Anas was questioned for seven hours by the Corruption Eradication Commission (KPK) in connection with bid-rigging allegations surrounding the Rp 2.5 trillion ($265 million) Hambalang sports center being built in Bogor.
Political analyst Ray Rangkuti said Anas’ attitude upon leaving the KPK office was meant to send a message to Yudhoyono, who had been hinting that he would oust Anas from the party chairmanship.
Earlier in the month Yudhoyono held a high-level meeting with Democrat officials and founders, but excluded Anas.
In a reaction that shocked some political observers, Anas responded with a public statement linking the party’s declining popularity to Yudhoyono’s poor governance and not just corruption allegations.
Lending his support to Anas, Yudhoyono’s son, Edhie Baskoro, denied there was a rift in the party, saying Anas’s leadership had been strong.
“SBY has run out of ideas to back Anas into a corner,” Ray said in Jakarta on Wednesday night. “His speech attacking Anas failed to encourage [the Democrat] regional leaders to call for an extraordinary congress [to oust Anas].”
Ray added that the confidence exuded by Anas was an attempt to show he was not involved in the Hambalang case.
He said the move had convinced the party’s regional leaders that he was not involved. Other analysts agreed with Ray.
Gadjah Mada University’s Ari Dwipayana said the appearance was a message to Anas’ rivals that he was still strong.
“With that attitude, Anas was trying to show force. Anas is fully aware that he wasn’t dealing only with a legal case but a case that could be used to oust him from the party chair,” he said.
The attitude, Ari went on, was also intended to suggest he had a strong group of loyalist legislators behind him.
Despite his apparent popularity among some factions within the party, Ari said there were many in the party who wanted Anas face justice over his alleged role in Hambalang.
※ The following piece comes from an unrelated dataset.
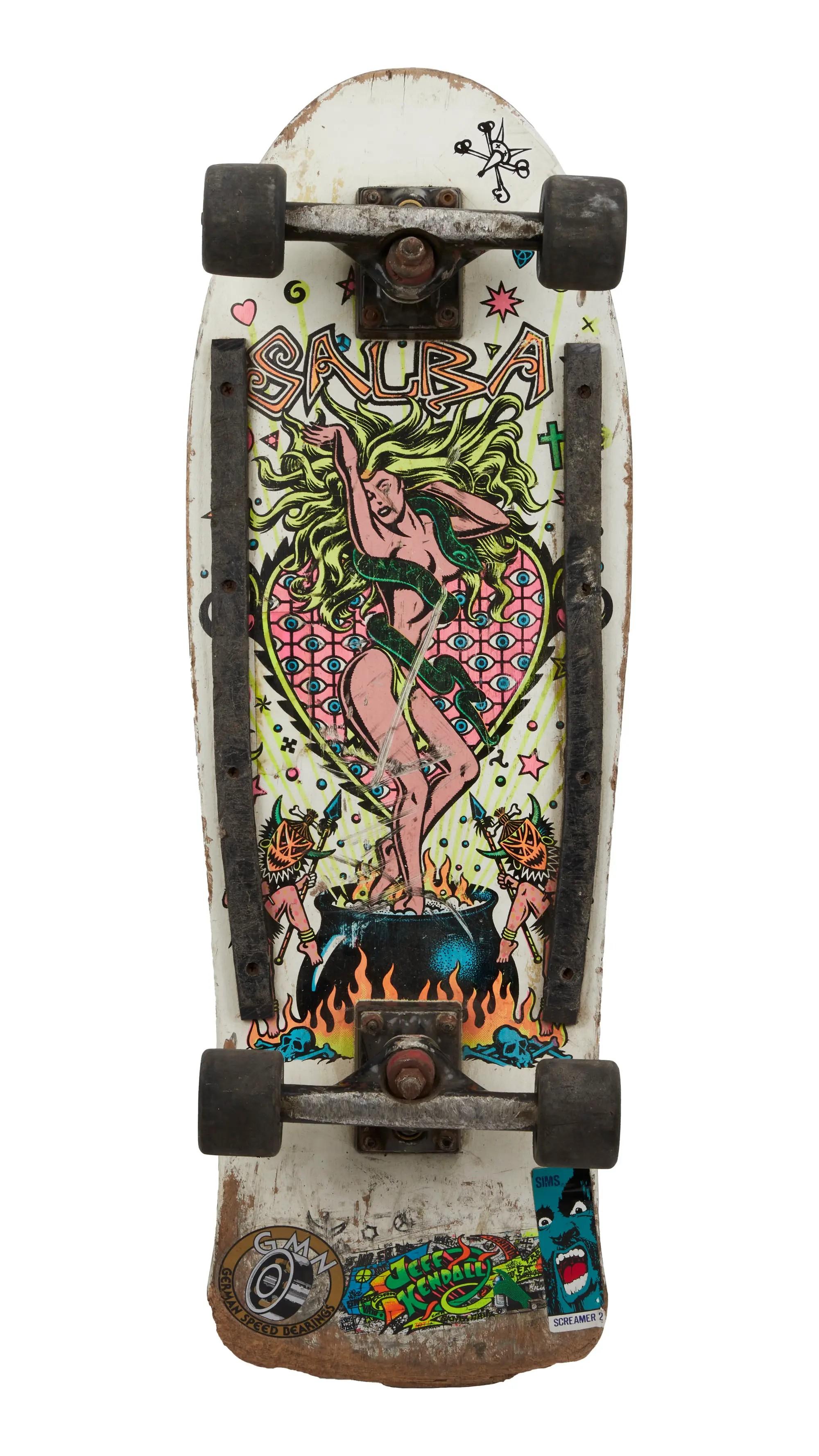 Lot #128  Santa Cruz Steve Alba (Salba) "Witch Doctor" Skateboard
This political support could be needed to solve the case, Ari said.
“So both sides are waiting. This means the opportunity for the KPK to continue [with the probe] is quite big,” he said.
Senior Democrats welcomed the KPK’s questioning of Anas, saying the sooner he was held to account the better.
In a related development, outspoken Democrat legislator Ruhut Sitompul was removed from the House of Representatives’ legal affairs commission after putting pressure on Anas to resign.